In the first study of its kind, investigators found ceftolozane/tazobactam is more effective than the most common therapy for multidrug-resistant P aeruginosa.
A dangerous drug-resistant hospital-acquired infection that has raised increasing concern among public health officials can be effectively treated with a drug already on the market, according to new research.
A new study published last month in Clinical Infectious Diseases finds the combination of ceftolozane and tazobactam is safe and effective for patients with drug-resistant Pseudomonas aeruginosa when compared with polymyxins or aminoglycosides.
The findings suggest the novel cephalosporin/beta-lactamase inhibitor would be the better option for patients dealing with multidrug resistant (MDR) or extensively drug resistant (XDR) P aeruginosa infections.
As drug resistance has become a bigger and bigger problem when treating P aeruginosa, providers have increasingly relied on polymyxins and aminoglycosides. Those drugs are a less-than-ideal solution, though, according to study author Jason M. Pogue, PharmD, of the University of Michigan College of Pharmacy, and colleagues. At IDWeek 2019, Contagion® spoke to Pogue, a member of the Contagion® Editorial Advisory Board, about the research.
“Regrettably, these agents are characterized by suboptimal pharmacokinetics, a narrow therapeutic index, and high rates of nephrotoxicity,” Pogue and colleagues wrote. “Moreover polymyxins and aminoglycosides have demonstrated inferior efficacy to first-line options.”
Ceftolozane/tazobactam, which is sold under the brand name Zerbaxa, has shown signs of promise against beta-lactam resistant P aeruginosa, but no one had yet done a direct safety and efficacy comparison of the 2 in such a setting. Pogue and colleagues set out to change that.
To study the question, they set up a retrospective, multicenter study comparing patients who received ceftolozane/tazobactam for drug-resistant P aeruginosa to those who received polymyxins or aminoglycosides. In all, 200 patients were included in the study, split evenly between the 2 therapeutic cohorts. Of those, most (69%) were in the intensive care unit and nearly as many (63%) were on a mechanical ventilator. Forty-two percent of patients were either in septic shock or had severe sepsis at the time of infection. Half of the patients (52%) had ventilator-associated pneumonia, the most common infection type among those in the study.
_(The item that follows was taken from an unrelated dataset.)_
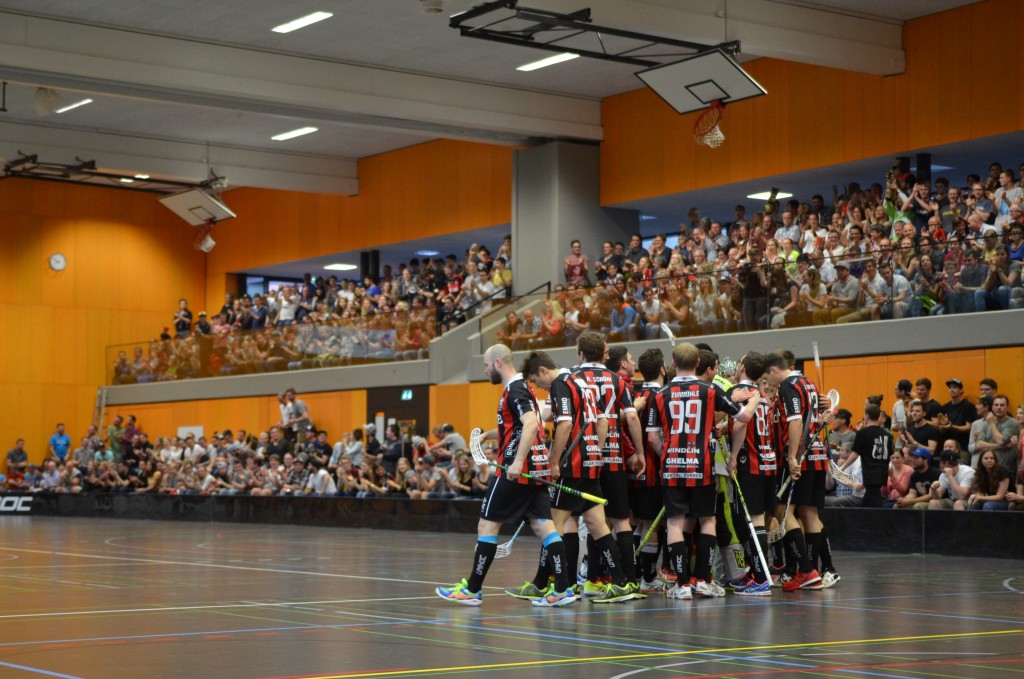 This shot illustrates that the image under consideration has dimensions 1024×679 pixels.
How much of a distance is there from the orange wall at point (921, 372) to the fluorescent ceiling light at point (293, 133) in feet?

Pogue and colleagues found 81% of patients who took ceftolozane/tazobactam were clinically cured, which translated to an adjusted odds ratio of 2.63. Acute kidney injury rates were 6% in the ceftolozane/tazobactam group, compared to 34% in the polymyxin/aminoglycoside group (aOR 0.08).
There was no difference in hospital mortality between the 2 groups.
“These findings support the preferential use of ceftolozane/tazobactam over polymyxins and/or aminoglycosides for MDR and XDR P aeruginosa infections,” Pogue and colleagues conclude. “In addition, the findings are consistent with recent data in carbapenem-resistant Enterobacteriaceae that demonstrate that novel beta-lactam/beta-lactamase inhibitors… are superior to traditional, suboptimal regimens for the management of XDR gram-negative infections.”
According to the US Centers for Disease Control and Prevention (CDC), about 13% of the 51,000 hospital-associated P aeruginosa infections each year in the United States are from MDR P aeruginosa. More than 400 people die each year from MDR P aeruginosa, the CDC reports. As a result, the agency put MDR P aeruginosa under the category of “serious threats” in its 2013 report “Antibiotic Resistance Threats in the United States. The CDC was working to update that list with a new version scheduled to come out this year.
For its part, the World Health Organization in 2017 listed P aeruginosa as a bacteria for which new antibiotics are “urgently needed.” P aeruginosa was placed in the “Priority 1: Critical” category.